■ Problem details ■
In this exercise, print only the lines from the line with "Mini Elíptico Elétrico" to the last line of the data below, inclusive. Any pictures should be left out.

■ Dataset excerpt ■
┄┄┄┄┄┄┄┄┄┄

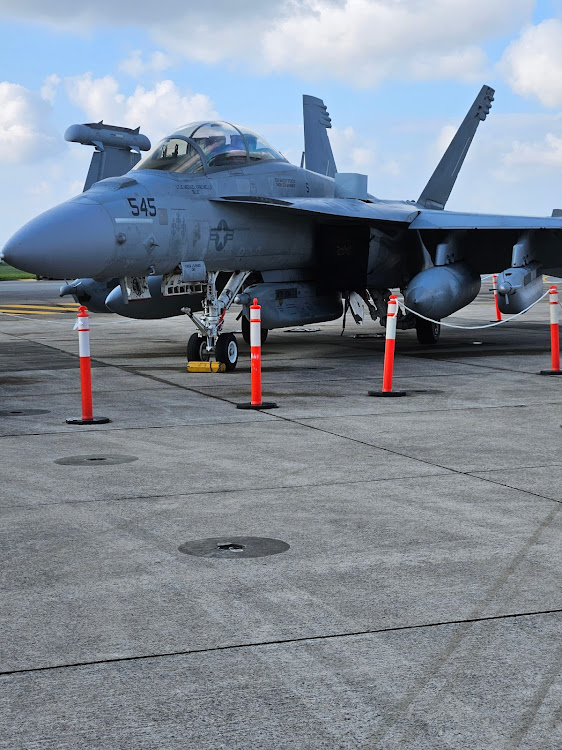ミラジーノの沖縄・FUTENMA FLIGHT LINE FAIRに関するカスタム事例の投稿画像5枚目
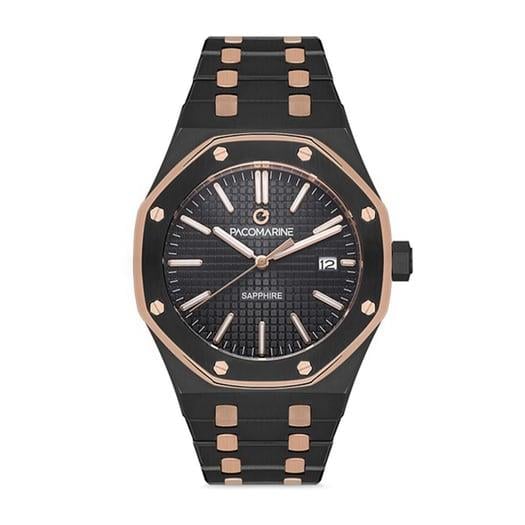 Pacomarine PM.17001.09 Erkek Kol Saati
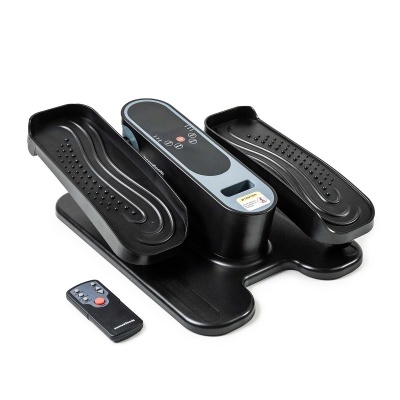 Mini Elíptico Elétrico com Controle Remoto Velora 4000 InnovaGoods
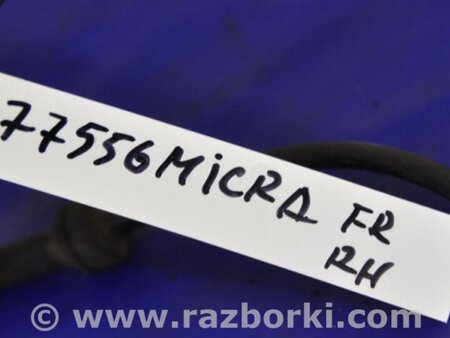 ФОТО Датчик ABS для Nissan Micra K12 (2002-2010) Киев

┄┄┄┄┄┄┄┄┄┄

■ Expected answer ■
 Mini Elíptico Elétrico com Controle Remoto Velora 4000 InnovaGoods
 ФОТО Датчик ABS для Nissan Micra K12 (2002-2010) Киев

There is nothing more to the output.